** Opening EXERCISE INPUTS block **
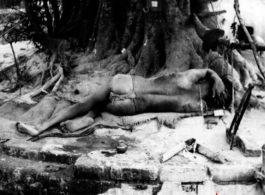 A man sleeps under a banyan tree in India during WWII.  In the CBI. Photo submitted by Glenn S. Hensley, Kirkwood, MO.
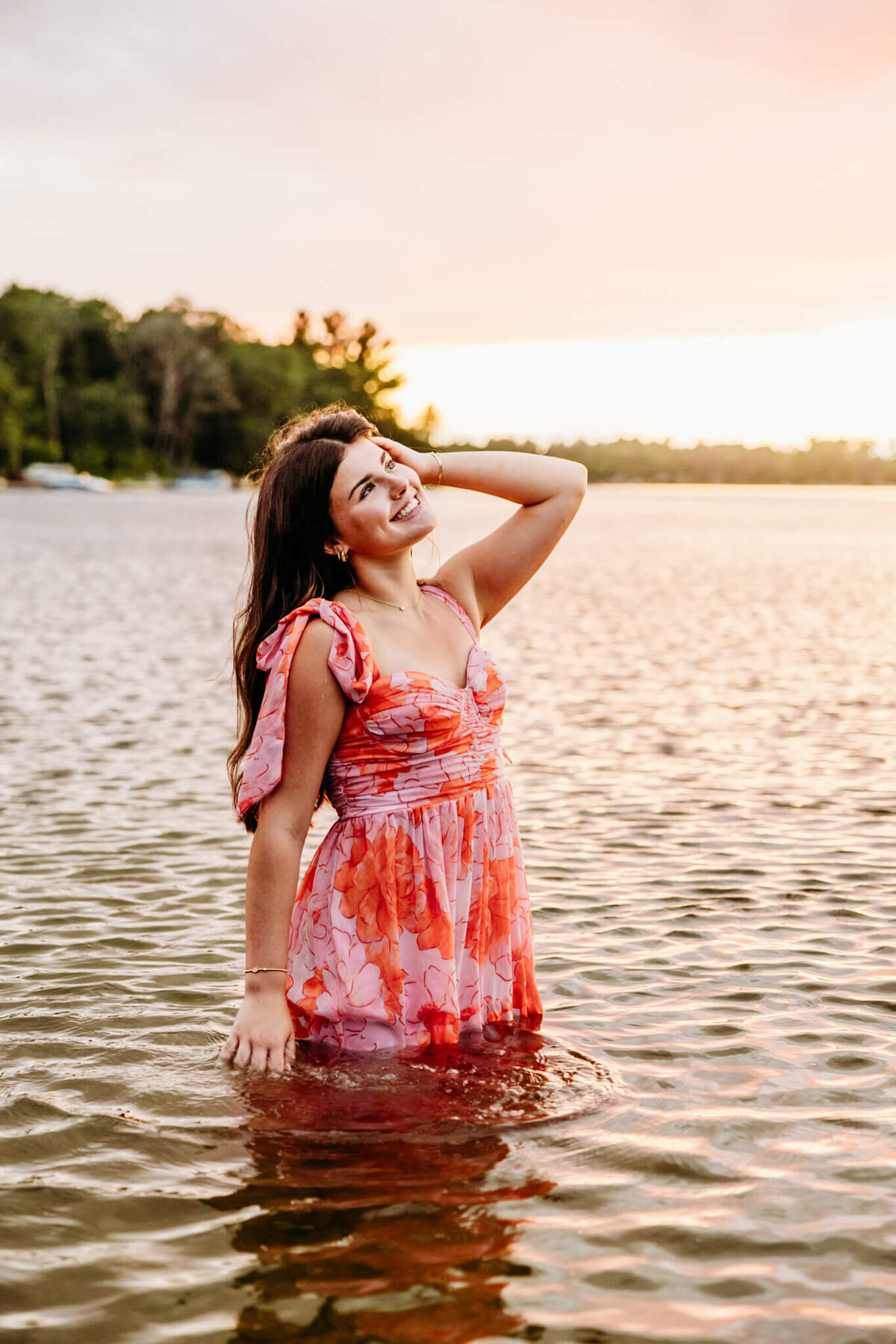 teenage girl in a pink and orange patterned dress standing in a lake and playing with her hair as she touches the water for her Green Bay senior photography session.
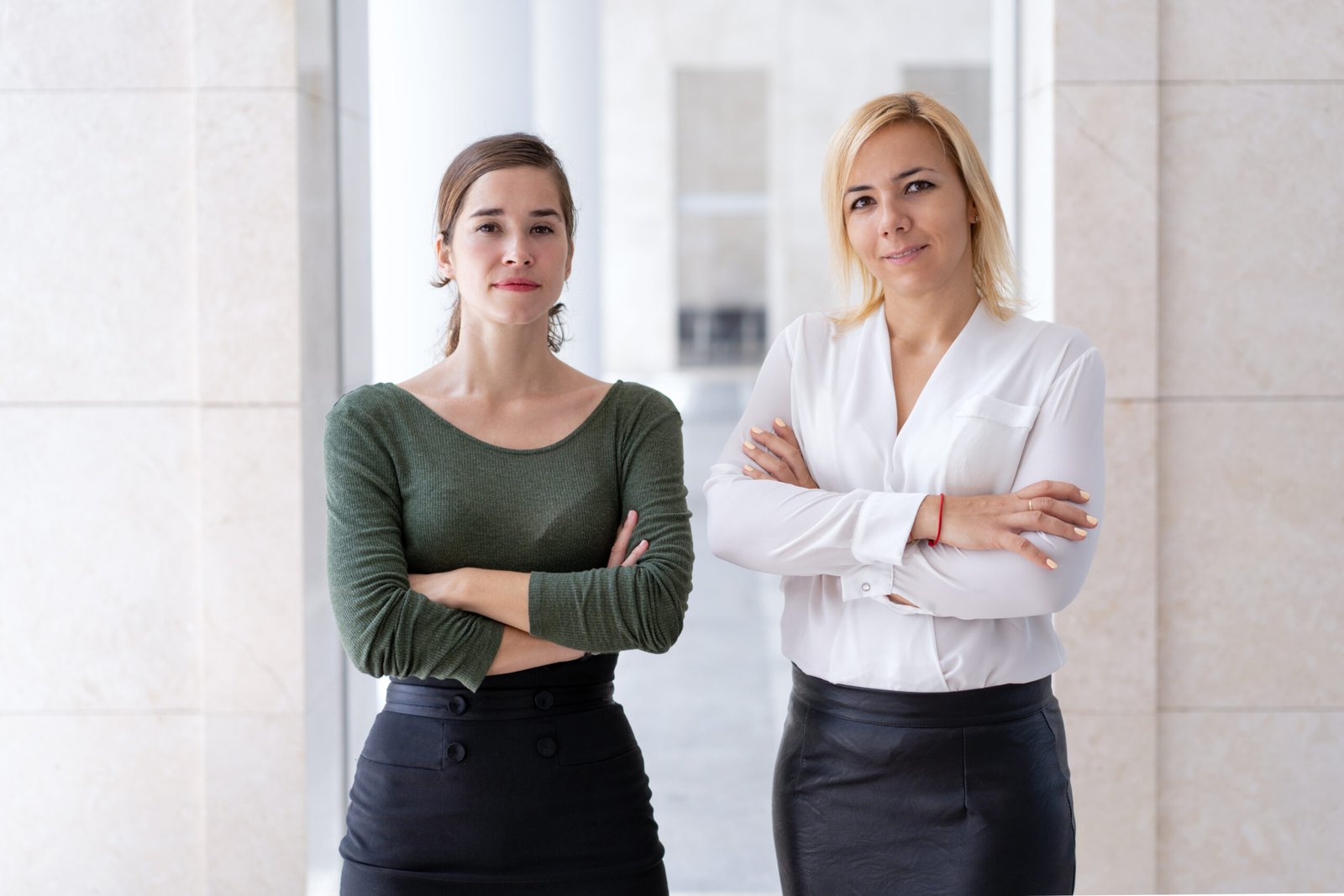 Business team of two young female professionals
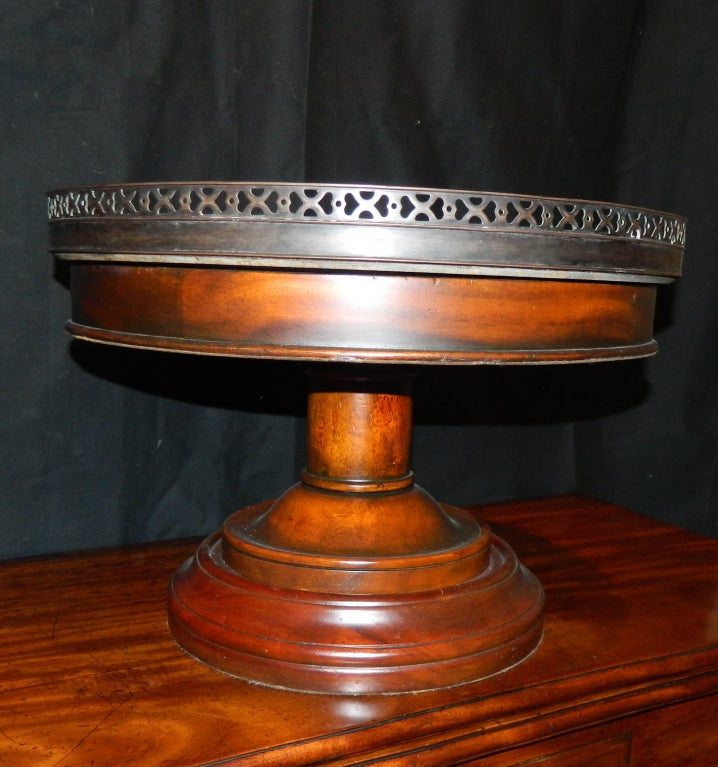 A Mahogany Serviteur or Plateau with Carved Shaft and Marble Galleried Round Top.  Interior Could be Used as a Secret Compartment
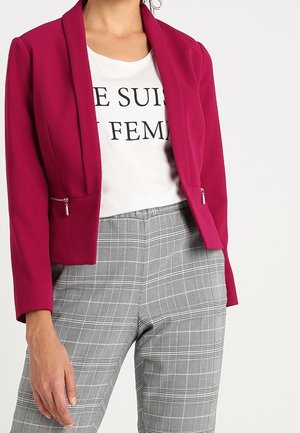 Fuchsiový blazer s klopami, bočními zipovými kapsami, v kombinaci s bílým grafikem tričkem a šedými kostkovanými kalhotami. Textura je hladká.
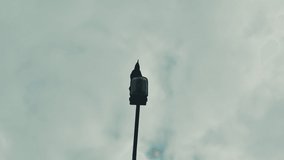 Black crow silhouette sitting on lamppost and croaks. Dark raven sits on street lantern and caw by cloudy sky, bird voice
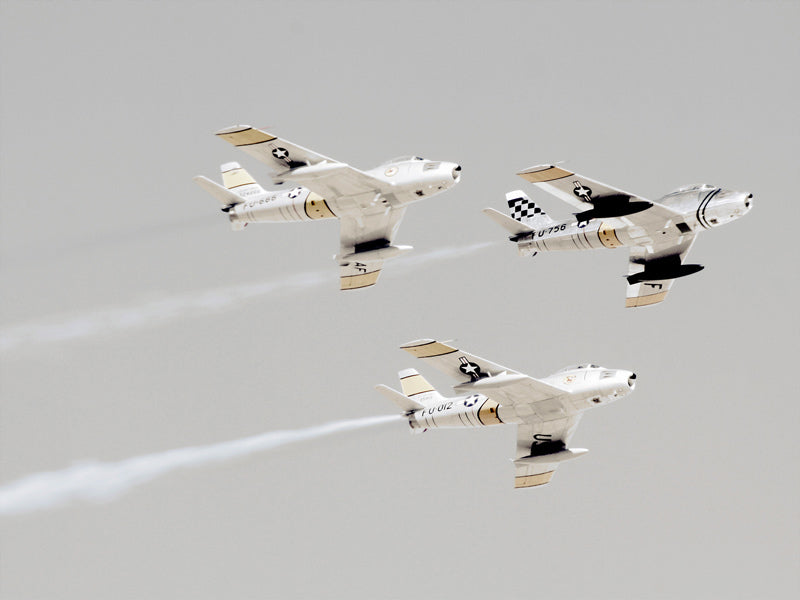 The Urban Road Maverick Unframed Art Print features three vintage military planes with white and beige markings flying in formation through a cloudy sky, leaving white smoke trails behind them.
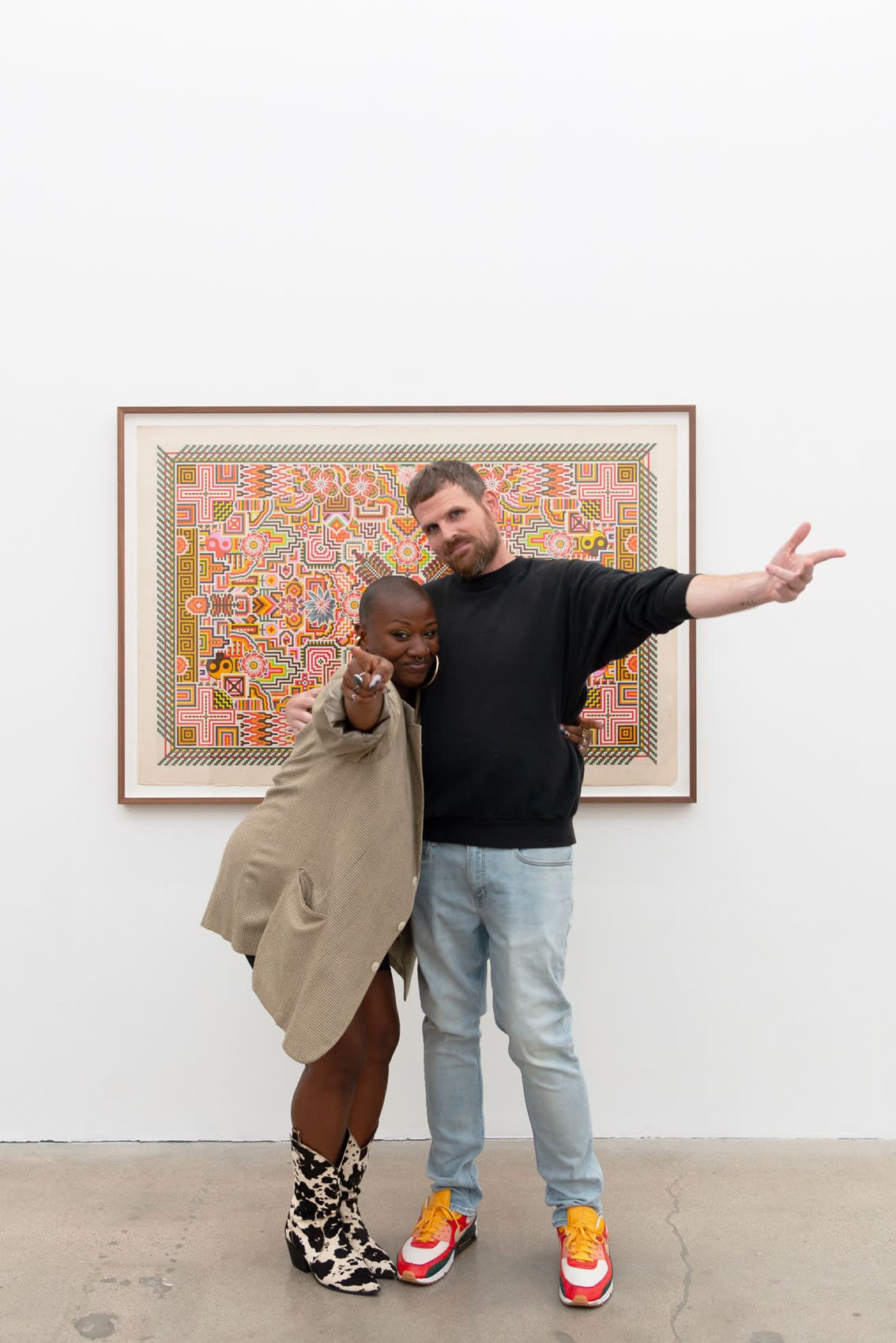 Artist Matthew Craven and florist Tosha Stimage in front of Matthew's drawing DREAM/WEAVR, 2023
** Closing EXERCISE INPUTS block **
▸ WORK TO BE COMPLETED: Beginning with the first line of the material above, please output each line exactly through the line that contains "Black crow silhouette", and only those, leaving out pictures.

▸ RESULT OF THIS TASK:
 A man sleeps under a banyan tree in India during WWII.  In the CBI. Photo submitted by Glenn S. Hensley, Kirkwood, MO.
 teenage girl in a pink and orange patterned dress standing in a lake and playing with her hair as she touches the water for her Green Bay senior photography session.
 Business team of two young female professionals
 A Mahogany Serviteur or Plateau with Carved Shaft and Marble Galleried Round Top.  Interior Could be Used as a Secret Compartment
 Fuchsiový blazer s klopami, bočními zipovými kapsami, v kombinaci s bílým grafikem tričkem a šedými kostkovanými kalhotami. Textura je hladká.
 Black crow silhouette sitting on lamppost and croaks. Dark raven sits on street lantern and caw by cloudy sky, bird voice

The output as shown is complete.